> **Task instructions**:
Only one span is wanted from the lines below: from the one with "Old Santa Christmas" up to and including the one with "PSA Signed Eric". Copy it exactly, without images.

[Source material — start]

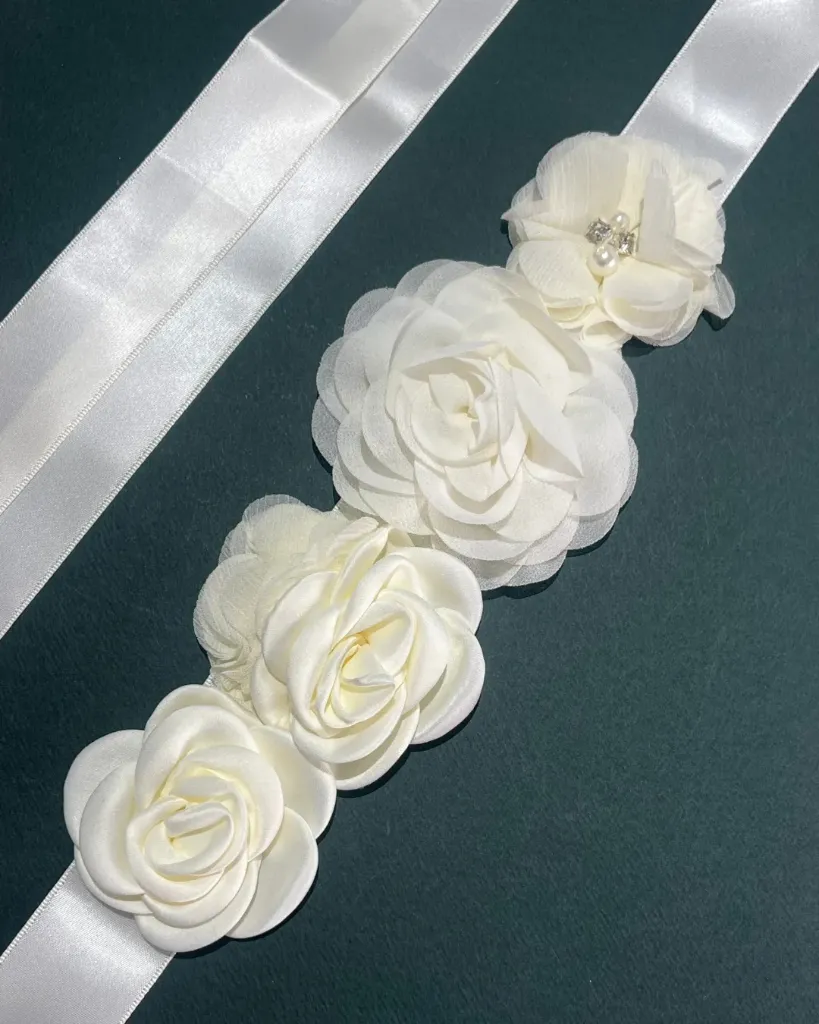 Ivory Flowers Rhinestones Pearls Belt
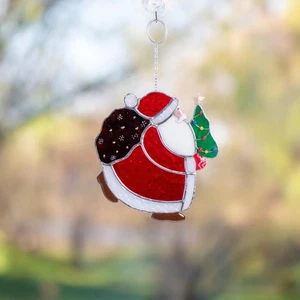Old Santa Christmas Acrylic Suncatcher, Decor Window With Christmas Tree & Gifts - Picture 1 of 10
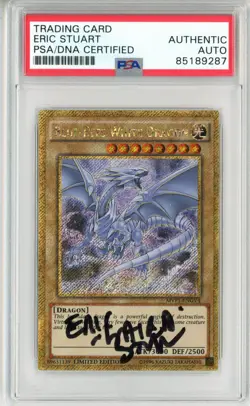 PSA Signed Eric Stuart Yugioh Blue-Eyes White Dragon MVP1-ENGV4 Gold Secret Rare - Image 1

[Source material — finish]
[Source material — start]

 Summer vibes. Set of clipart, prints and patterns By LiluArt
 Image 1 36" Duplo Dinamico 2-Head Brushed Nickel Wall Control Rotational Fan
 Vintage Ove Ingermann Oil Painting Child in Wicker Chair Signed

[Source material — finish]

> **Output of the exercise**:
Old Santa Christmas Acrylic Suncatcher, Decor Window With Christmas Tree & Gifts - Picture 1 of 10
 PSA Signed Eric Stuart Yugioh Blue-Eyes White Dragon MVP1-ENGV4 Gold Secret Rare - Image 1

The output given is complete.